YOUR INSTRUCTIONS: Any images in the records should be skipped; transcribe the rest exactly.

Extracted records:
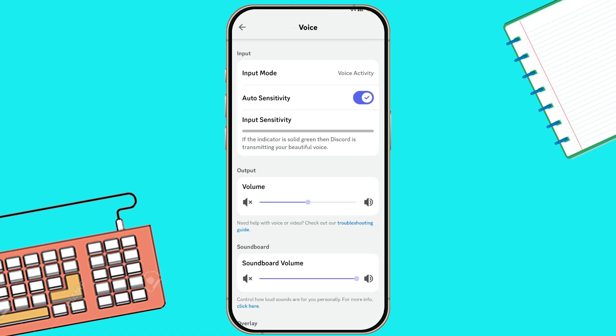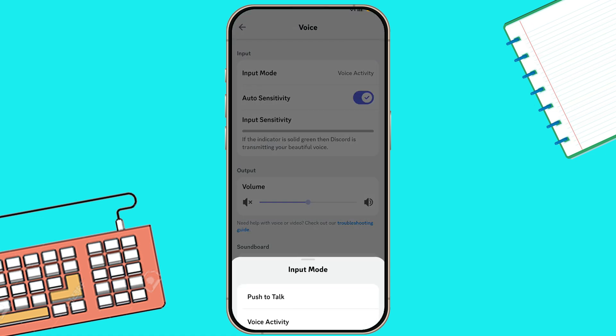In the voice settings, choose input mode. Select voice activity, not push to talk, so your voice changer works in real time. Make sure your voice changer app is running in the background while using Discord.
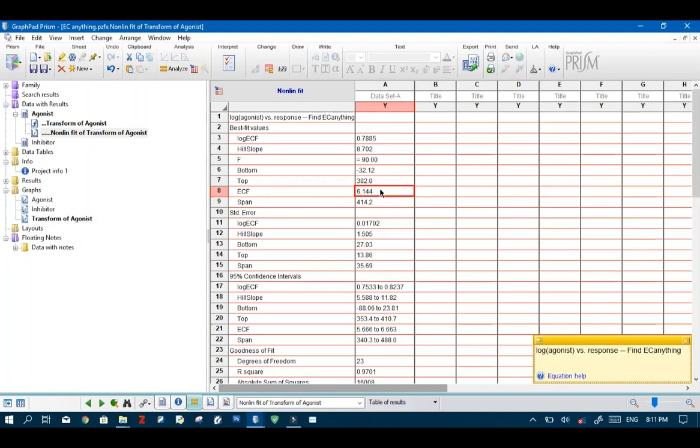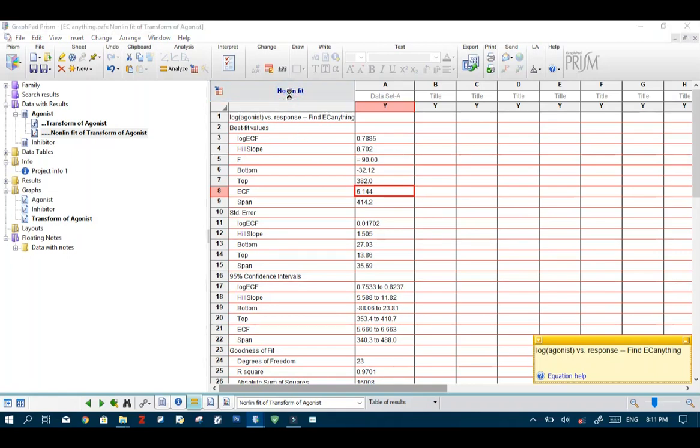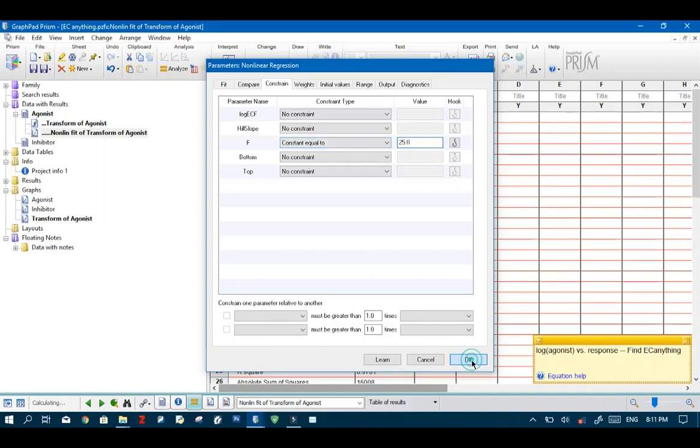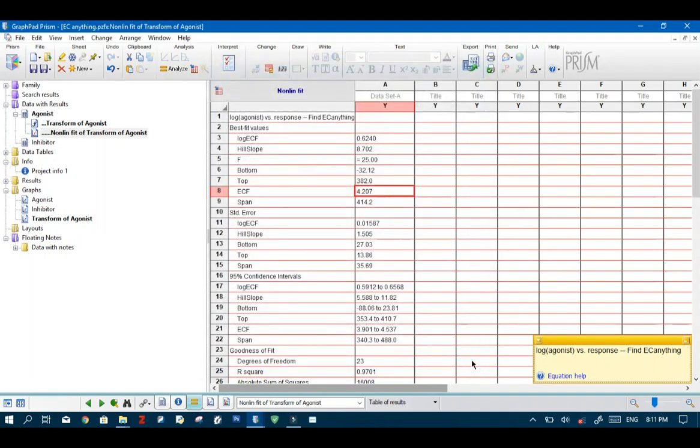So if we want to change this value we could simply click this which will take us back to the dialog and change it to anything. For instance 25 and hit OK. And it gives us the value.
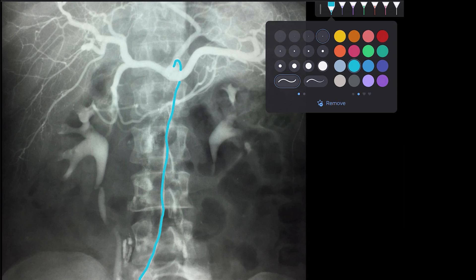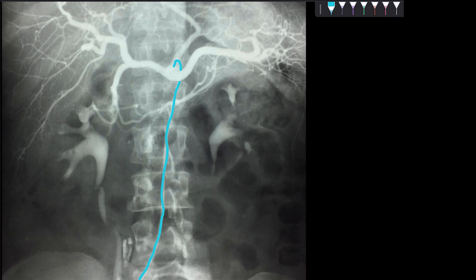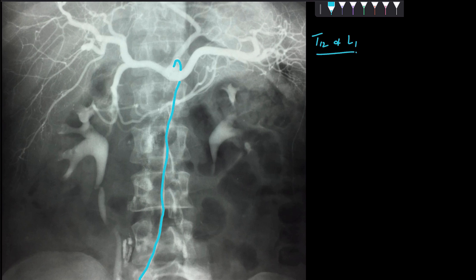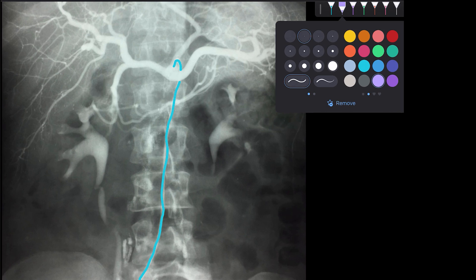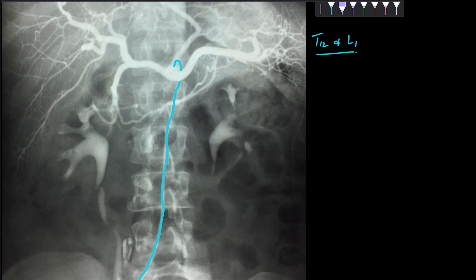This celiac artery is a branch of my abdominal aorta. It is one of the ventral unpaired branches coming from my aorta, and this branch is given off at the level of the lower border of T12 and the first lumbar vertebra. After its emergence, it divides into three major branches.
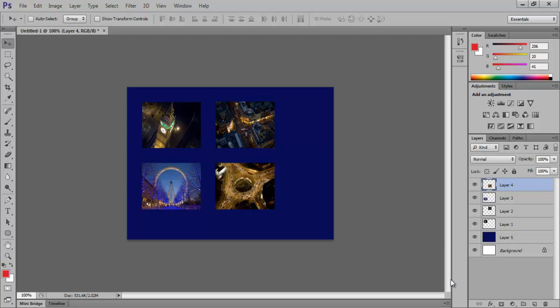In this tutorial, we will teach you how to apply a filter to more than one layer at a time in Photoshop CS6.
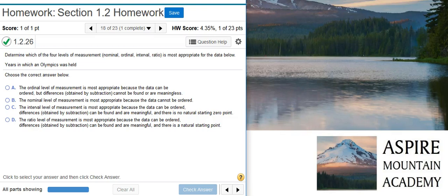Howdy, I'm Professor Curtis of Aspire Mountain Academy here with more statistics homework help. Today we're going to learn how to determine the appropriate level of measurement for Olympic years. Here's our problem statement: determine which of the four levels of measurement — nominal, ordinal, interval, or ratio — is most appropriate for the data below: years in which an Olympics was held.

WRITTEN SOLUTION:
In the voice settings, choose input mode. Select voice activity, not push to talk, so your voice changer works in real time. Make sure your voice changer app is running in the background while using Discord.
So if we want to change this value we could simply click this which will take us back to the dialog and change it to anything. For instance 25 and hit OK. And it gives us the value.
This celiac artery is a branch of my abdominal aorta. It is one of the ventral unpaired branches coming from my aorta, and this branch is given off at the level of the lower border of T12 and the first lumbar vertebra. After its emergence, it divides into three major branches.
In this tutorial, we will teach you how to apply a filter to more than one layer at a time in Photoshop CS6.
Howdy, I'm Professor Curtis of Aspire Mountain Academy here with more statistics homework help. Today we're going to learn how to determine the appropriate level of measurement for Olympic years. Here's our problem statement: determine which of the four levels of measurement — nominal, ordinal, interval, or ratio — is most appropriate for the data below: years in which an Olympics was held.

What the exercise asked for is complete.